Transcribe each record exactly, but omit pictures.

Data records:

Segment Open

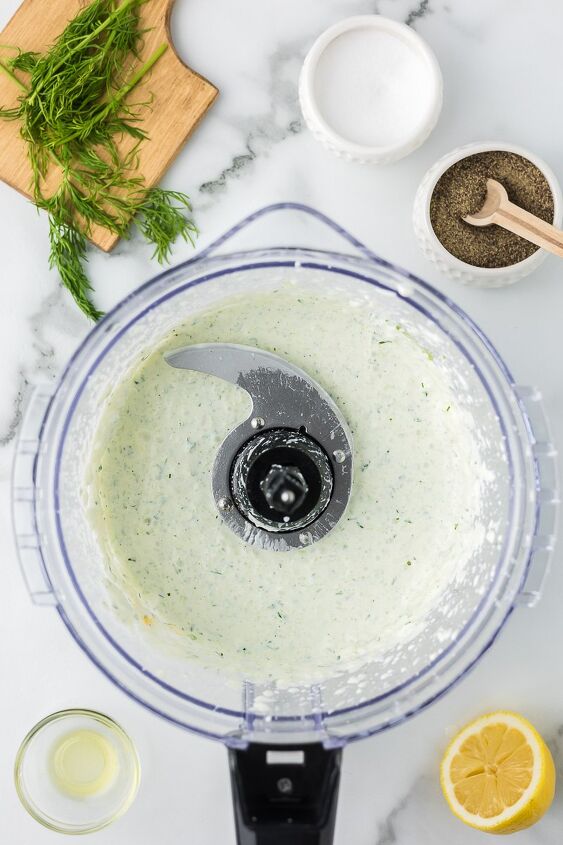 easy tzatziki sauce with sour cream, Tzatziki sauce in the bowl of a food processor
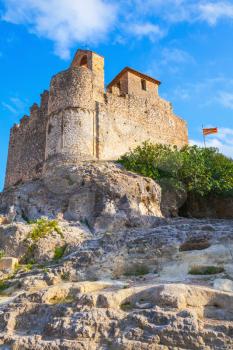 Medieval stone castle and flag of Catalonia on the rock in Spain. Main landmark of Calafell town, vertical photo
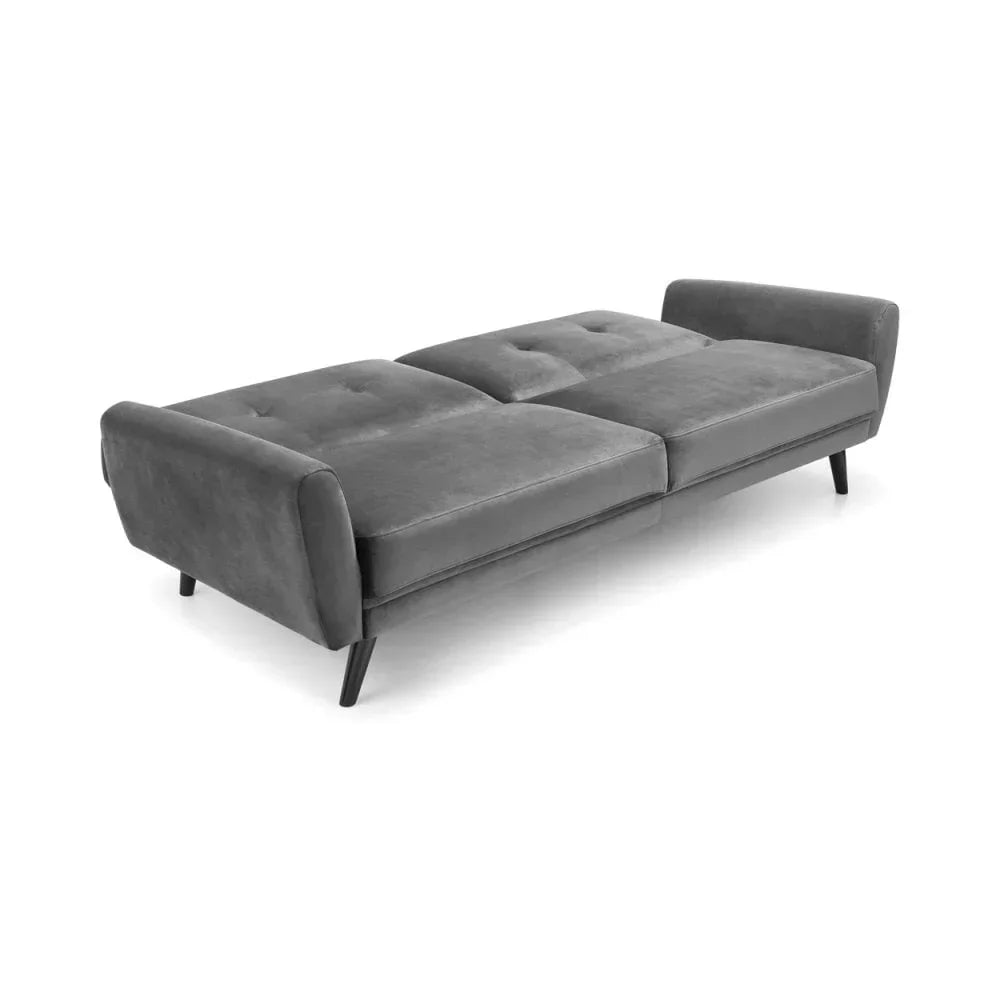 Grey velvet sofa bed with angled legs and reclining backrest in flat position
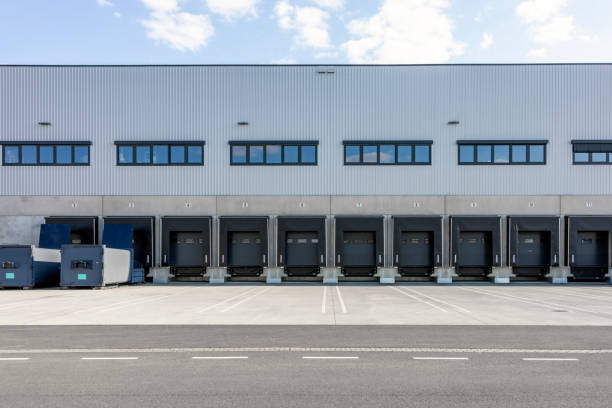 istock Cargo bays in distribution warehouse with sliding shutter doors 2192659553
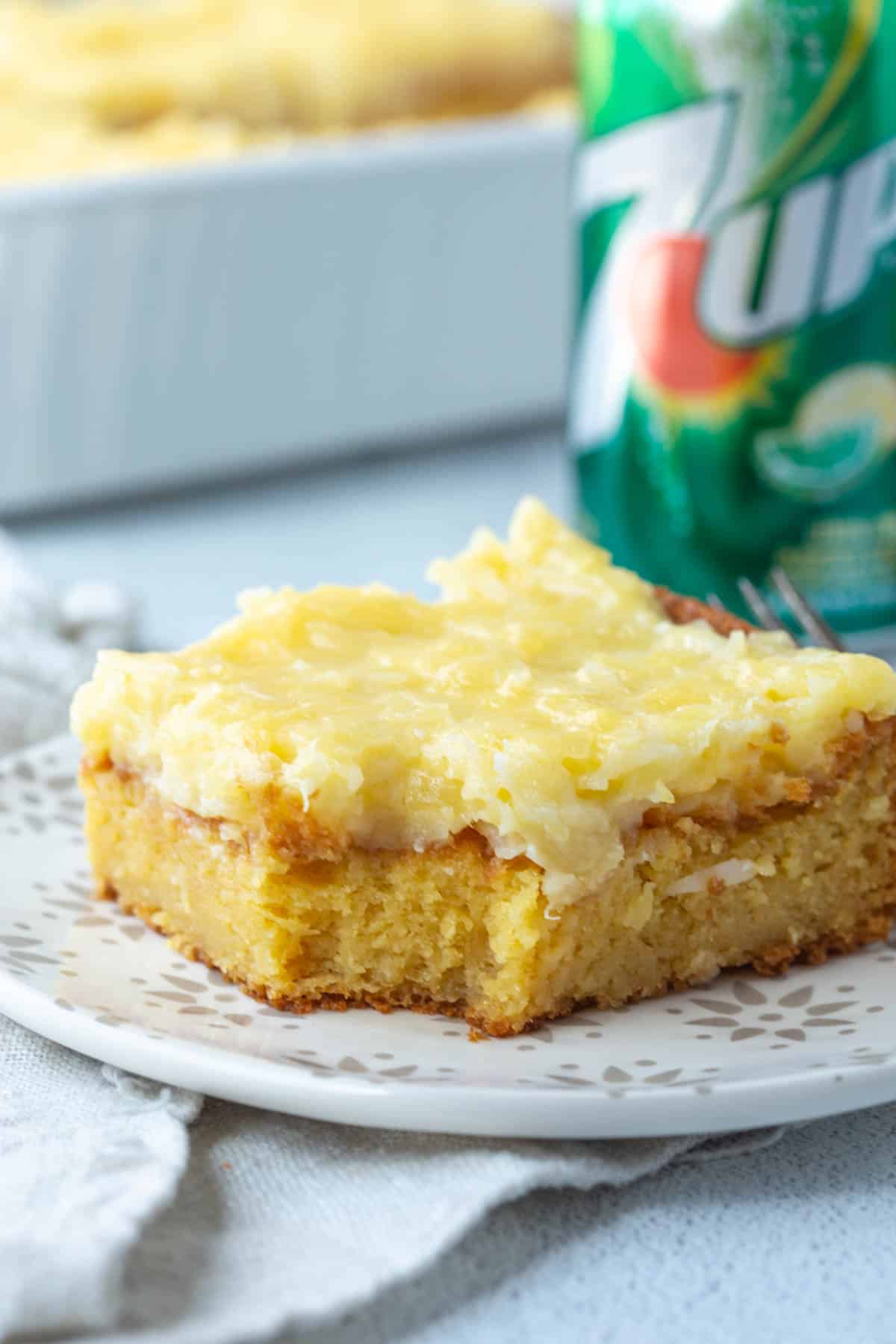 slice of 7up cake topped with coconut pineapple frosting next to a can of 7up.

Segment Closed

● **Answer section**
 easy tzatziki sauce with sour cream, Tzatziki sauce in the bowl of a food processor
 Medieval stone castle and flag of Catalonia on the rock in Spain. Main landmark of Calafell town, vertical photo
 Grey velvet sofa bed with angled legs and reclining backrest in flat position
 istock Cargo bays in distribution warehouse with sliding shutter doors 2192659553
 slice of 7up cake topped with coconut pineapple frosting next to a can of 7up.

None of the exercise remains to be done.